Wednesday, September 29, 2010

Bulldog Drummond

Bulldog Drummond was one of the most popular fictional characters of the 1920s and 1930s. Bulldog Drummond, published in 1920, was the book that launched the career of this gentleman crime-fighter and adventurer.

Herman Cyril McNeile wrote the Bulldog Drummond novels under the pseudonym Sapper. Or at least he wrote the first ten or so novels - after McNeile’s death in 1937 the series was continued up to the mid-1950s by Gerard Fairlie.

Drummond became an equally popular character on radio and in movies, being played by such notable actors as Ronald Colman, Sir Ralph Richardson and Ray Milland. In the 60s the character was revived for two highly entertaining James Bond-influenced spy spoof movies, Deadlier Than the Male and Some Girls Do. Which was only fitting since the Bulldog Drummond stories had been an early influence of Ian Fleming’s Bond novels.

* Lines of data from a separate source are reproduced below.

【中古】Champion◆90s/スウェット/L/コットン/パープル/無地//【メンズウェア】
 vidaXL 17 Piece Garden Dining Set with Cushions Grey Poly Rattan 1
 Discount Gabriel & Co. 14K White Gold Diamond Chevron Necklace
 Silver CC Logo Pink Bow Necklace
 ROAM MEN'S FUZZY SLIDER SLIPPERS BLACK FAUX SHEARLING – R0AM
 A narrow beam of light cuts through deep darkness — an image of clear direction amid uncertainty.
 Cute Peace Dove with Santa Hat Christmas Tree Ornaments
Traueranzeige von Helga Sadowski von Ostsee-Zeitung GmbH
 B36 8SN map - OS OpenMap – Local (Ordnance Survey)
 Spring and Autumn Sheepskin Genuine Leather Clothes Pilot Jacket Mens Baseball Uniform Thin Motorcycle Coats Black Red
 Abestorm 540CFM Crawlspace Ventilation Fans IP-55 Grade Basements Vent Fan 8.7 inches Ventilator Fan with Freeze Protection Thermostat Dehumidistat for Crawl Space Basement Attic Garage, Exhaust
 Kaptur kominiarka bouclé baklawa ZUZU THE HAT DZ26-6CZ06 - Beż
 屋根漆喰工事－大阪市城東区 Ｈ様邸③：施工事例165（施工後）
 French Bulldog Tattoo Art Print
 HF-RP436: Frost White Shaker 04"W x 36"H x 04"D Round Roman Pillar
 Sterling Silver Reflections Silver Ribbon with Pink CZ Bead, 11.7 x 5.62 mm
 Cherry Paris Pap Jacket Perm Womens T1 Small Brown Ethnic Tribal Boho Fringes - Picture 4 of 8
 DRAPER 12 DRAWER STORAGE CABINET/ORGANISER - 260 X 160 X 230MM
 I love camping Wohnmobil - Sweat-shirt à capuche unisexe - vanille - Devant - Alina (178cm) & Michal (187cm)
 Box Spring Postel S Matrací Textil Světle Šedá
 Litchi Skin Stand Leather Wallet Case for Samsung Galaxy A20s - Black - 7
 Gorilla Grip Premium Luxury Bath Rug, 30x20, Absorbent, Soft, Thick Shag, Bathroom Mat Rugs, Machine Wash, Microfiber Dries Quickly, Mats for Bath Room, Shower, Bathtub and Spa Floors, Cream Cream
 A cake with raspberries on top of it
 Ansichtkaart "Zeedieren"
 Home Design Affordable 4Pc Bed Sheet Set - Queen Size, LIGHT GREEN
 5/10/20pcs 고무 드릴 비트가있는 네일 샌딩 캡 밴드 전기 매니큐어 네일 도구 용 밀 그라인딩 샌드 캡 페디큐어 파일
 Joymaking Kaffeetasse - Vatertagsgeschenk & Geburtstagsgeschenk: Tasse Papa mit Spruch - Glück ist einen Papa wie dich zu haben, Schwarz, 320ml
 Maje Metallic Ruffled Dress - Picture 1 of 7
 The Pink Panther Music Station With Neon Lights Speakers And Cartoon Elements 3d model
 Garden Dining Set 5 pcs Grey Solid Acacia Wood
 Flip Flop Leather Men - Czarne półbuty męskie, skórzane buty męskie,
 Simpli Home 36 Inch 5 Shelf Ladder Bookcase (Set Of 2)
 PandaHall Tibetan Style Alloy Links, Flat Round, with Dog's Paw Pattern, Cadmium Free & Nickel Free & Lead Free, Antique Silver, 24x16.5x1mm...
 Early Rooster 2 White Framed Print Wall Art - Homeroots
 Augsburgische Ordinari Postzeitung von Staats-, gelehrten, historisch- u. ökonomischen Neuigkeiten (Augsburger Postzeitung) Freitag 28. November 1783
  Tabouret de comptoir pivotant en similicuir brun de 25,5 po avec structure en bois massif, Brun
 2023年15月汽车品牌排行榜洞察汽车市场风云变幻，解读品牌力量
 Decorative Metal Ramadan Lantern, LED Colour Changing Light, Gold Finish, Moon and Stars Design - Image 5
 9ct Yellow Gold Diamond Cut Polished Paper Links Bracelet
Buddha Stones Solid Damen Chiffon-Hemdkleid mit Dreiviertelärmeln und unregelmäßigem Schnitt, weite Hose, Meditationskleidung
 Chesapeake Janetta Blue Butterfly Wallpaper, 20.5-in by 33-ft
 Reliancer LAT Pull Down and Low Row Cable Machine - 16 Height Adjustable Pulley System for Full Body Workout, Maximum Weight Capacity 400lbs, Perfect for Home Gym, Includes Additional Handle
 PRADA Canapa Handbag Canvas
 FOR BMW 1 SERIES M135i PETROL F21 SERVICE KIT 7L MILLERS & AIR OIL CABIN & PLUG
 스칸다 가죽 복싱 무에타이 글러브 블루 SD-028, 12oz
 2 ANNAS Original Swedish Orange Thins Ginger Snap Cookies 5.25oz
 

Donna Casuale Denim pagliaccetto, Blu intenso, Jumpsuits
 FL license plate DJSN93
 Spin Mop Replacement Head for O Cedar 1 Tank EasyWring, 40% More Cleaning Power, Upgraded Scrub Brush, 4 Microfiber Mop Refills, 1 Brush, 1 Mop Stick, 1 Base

In Bulldog Drummond we meet Captain Hugh Drummond, and he’s bored. Peacetime does not agree with him. He misses the excitement of the war. So he places an ad in the newspaper, offering his services in any kind of adventure regardless of its legality or of the danger involved. Most of the replies are unpromising but then he hits pay dirt - a genuine damsel in distress.

The damsel in question is Phyllis Benton and her story at first seems incredible - a tale of master criminals, sinister plots and daring robberies in which her father has become an unwilling accomplice. Drummond soon discovers that her story is not merely true, it’s actually much stranger than even she realises. In fact they have stumbled upon a conspiracy of almost unimaginably vast proportions in which the very fate of British civilisation is at stake. A gigantic communist conspiracy, funded by fabulously wealthy capitalists.

This was the first of the four novels featuring arch-villain Carl Petersen. Petersen is a master of disguise, and he’s a very cool customer. His chief henchman Henry Lakington is a very nasty pice of work indeed - his main amusements being devising sadistic means of murder and torture and pulling off spectacular jewel robberies. There’s also Petersen’s beautiful, amusing but evil daughter Irma. At least she claims to be his daughter, but may well be his mistress.

There’s plenty of action, and plenty of humour. Drummond is at this stage of his career very much an amateur. His main assets are his daring and his courage, his tendency to do the unexpected because he doesn’t know any better, and the fact that his opponents consistently under-estimate him, regarding him as a harmless buffoon. By the end of the adventure he has acquired a great deal of experience and a very definite taste for this type of exploit.

It’s all very politically incorrect but if that doesn’t bother you (and it certainly doesn’t bother me) then there’s a great deal of enjoyment to be had within the pages of Bulldog Drummond.

1 comment:

  1. Last year I found a book that collected all four novels with Petersen as the villain. So far I've only read the first, but it is infectiously entertaining, though once Drummond gathers his buddies together I couldn't help but think of a violent band of Upper Class Twits on the Monty Python model. While Sapper's clearly a man of the right, I didn't get the supposedly fascist vibe off the novel I'd been led to expect, and by the time Bulldog had beaten a gorilla with his bare hands it should've been impossible for anyone to take the book seriously enough to be offended.